WORK TASK – In the records that follow, find each line with the word "Club" and copy it.

(Records from a data source)
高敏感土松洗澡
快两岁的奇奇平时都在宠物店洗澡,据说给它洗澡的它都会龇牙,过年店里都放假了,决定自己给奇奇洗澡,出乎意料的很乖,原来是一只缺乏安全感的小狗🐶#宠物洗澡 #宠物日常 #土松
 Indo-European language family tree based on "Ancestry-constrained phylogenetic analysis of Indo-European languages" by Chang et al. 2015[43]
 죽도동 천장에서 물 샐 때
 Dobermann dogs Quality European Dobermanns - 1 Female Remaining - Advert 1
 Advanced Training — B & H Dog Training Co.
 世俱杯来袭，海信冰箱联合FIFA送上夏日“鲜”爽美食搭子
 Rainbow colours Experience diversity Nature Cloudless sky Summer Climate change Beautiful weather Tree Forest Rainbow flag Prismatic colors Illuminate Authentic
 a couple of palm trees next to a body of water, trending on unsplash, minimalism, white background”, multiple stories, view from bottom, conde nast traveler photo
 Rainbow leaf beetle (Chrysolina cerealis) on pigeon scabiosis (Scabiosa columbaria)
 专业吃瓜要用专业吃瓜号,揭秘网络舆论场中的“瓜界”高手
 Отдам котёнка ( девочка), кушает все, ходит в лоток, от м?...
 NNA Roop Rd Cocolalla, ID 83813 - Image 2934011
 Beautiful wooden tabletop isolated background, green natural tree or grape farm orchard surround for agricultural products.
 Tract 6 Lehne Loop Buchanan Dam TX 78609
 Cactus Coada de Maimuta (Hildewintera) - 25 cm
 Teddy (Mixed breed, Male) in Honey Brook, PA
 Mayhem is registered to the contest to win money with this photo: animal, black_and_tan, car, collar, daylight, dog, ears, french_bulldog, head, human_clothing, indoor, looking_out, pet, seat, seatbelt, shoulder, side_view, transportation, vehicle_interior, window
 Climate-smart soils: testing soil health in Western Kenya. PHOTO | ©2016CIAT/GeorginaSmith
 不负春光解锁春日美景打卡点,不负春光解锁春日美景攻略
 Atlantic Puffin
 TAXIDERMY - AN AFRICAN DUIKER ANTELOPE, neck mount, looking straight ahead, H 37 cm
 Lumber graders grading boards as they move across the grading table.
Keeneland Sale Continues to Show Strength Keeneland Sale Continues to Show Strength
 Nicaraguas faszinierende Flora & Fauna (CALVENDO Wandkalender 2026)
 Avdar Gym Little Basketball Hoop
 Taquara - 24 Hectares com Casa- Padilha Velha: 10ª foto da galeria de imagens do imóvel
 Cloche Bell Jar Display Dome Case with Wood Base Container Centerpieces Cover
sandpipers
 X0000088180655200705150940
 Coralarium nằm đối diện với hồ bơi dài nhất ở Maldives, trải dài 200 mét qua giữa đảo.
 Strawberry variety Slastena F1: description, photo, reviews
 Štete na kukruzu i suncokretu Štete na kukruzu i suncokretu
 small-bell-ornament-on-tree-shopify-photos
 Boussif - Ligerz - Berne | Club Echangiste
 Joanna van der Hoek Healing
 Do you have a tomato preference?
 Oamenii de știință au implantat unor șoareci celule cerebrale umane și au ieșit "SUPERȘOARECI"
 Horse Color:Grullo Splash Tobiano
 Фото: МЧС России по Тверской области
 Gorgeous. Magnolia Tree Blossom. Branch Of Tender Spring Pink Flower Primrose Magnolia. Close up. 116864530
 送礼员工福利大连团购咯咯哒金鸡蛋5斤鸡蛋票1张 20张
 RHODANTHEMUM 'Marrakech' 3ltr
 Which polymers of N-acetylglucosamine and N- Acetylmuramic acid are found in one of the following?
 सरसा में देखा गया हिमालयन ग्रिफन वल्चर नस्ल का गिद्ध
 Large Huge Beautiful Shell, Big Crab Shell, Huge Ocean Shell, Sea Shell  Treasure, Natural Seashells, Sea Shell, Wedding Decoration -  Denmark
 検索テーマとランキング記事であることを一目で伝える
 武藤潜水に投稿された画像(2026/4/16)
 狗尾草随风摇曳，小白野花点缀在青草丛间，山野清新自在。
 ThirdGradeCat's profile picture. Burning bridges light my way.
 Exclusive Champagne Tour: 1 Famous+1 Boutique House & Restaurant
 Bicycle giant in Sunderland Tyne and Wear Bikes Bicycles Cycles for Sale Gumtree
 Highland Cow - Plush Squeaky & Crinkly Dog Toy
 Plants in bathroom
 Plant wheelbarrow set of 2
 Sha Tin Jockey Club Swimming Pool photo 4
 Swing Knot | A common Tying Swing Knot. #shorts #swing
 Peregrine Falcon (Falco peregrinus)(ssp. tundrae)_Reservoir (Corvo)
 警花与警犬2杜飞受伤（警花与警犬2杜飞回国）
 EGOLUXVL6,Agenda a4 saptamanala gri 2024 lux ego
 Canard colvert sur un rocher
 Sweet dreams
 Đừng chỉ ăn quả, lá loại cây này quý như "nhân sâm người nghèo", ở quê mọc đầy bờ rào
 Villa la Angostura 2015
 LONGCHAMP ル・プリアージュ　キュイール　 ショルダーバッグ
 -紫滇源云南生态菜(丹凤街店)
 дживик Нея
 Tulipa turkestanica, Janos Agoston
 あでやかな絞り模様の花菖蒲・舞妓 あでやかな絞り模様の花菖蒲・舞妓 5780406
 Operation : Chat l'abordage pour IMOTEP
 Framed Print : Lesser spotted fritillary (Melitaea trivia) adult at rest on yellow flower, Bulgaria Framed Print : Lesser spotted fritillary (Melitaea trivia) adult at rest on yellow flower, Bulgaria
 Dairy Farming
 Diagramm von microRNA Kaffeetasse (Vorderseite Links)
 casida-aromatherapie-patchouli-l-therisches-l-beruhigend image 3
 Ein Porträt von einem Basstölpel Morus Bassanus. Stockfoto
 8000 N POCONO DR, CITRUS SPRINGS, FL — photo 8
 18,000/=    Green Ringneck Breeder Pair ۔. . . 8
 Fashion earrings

RESULT OF THE EXERCISE –
 Boussif - Ligerz - Berne | Club Echangiste
 Sha Tin Jockey Club Swimming Pool photo 4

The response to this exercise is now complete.